I've watched/listened/read a handful of The Great Courses series over the years. There were some early video versions with small audiences of 5-10 people, but I've found over time that the camera on later ones into the late 00s and early 10s never shows any audience. This means the applause on the audio versions is almost always canned and used to give the appearance of an implied audience.
Students of these courses often are more on the passive side, so they seem to find reasonable scholars who also happen to be good lecturers/storytellers as the driving thrust. As a result, they don't always go into some of the deeper details as these also tend to be very introductory in nature. It seems rare to me that any of their offerings go beyond the freshman/sophomore level of material.
Thanks for teasing apart the differences in narrative you're seeing. Many of these courses are so pre-packaged that they don't provide "traditional" textbooks beyond the course guides which are usually scant notes/reviews of what appears in the lectures with a small handful of additional resources. It's really these additional readings where the more interesting pieces of a fuller course can be found, so I'm curious to hear what you think of their recommended readings/bibliographic suggestions (if any).

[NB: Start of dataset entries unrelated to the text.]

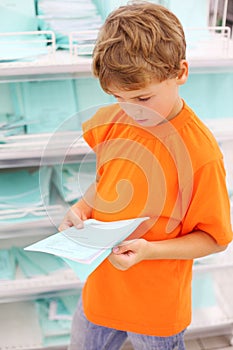 Boy in big shop chooses school notebook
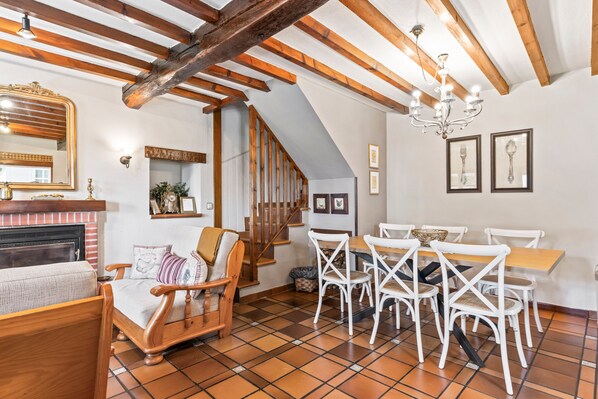 A dining area with a wooden table and white chairs, a fireplace, and a staircase.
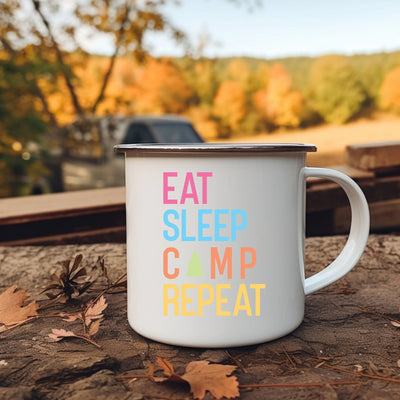 a camp mug sitting on the ground with leaves around it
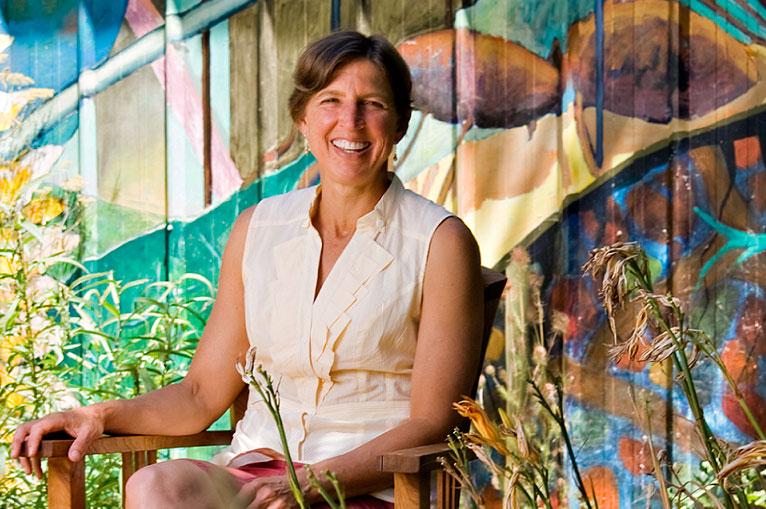 Pamela Ronald sits with bright mural behind her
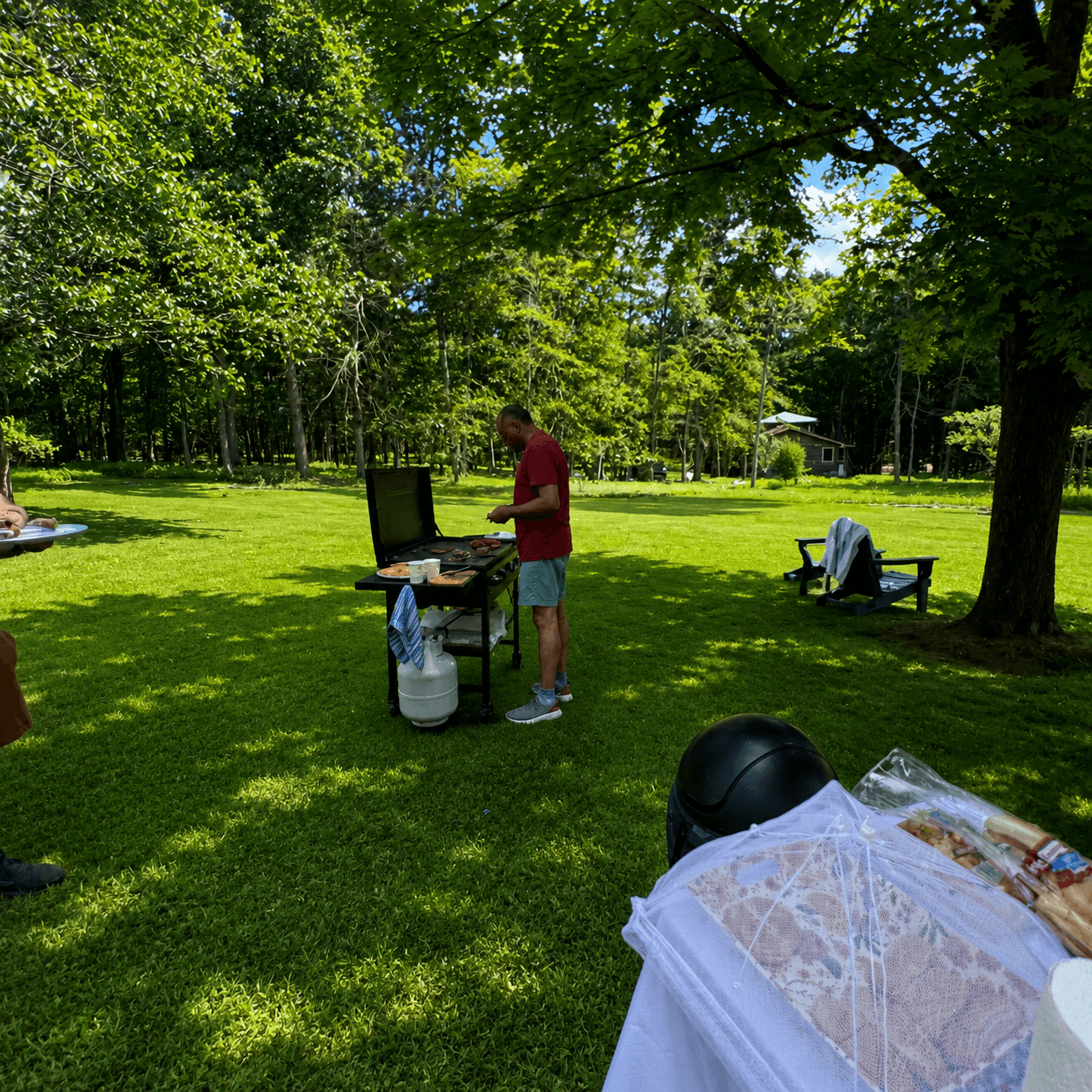A man grills food outdoors in a grassy area surrounded by trees.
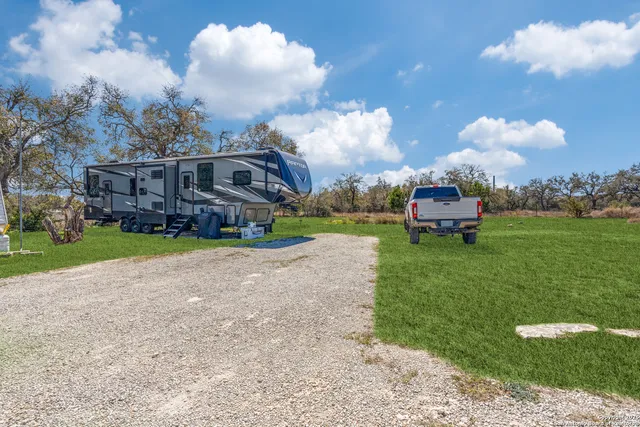 a view of yard with outdoor seating and green space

"It took years of indifference and stupidity to make us as ignorant as we are today. Anyone who has taught college over the last forty years, as I have, can tell you how much less students coming out of high school know every year. At first it was shocking, but it no longer surprises any college instructor that the nice and eager young people enrolled in your classes have no ability to grasp most of the material being taught.
Teaching American literature, as I have been doing, has become harder and harder in recent years, since the students read little literature before coming to college and often lack the most basic historical information about the period in which the novel or the poem was written, including what important ideas and issues occupied thinking people at the time."
~ Charles Simic, New York Review of Books, 2017
... I leave it to the students to source the first quote. : ))))))
Teaching to the test in America has exacerbated that problem in secondary ed. But every challenge is an opportunity! I take it as a chance to tell them a story they may only be vaguely aware of -- which is cool!!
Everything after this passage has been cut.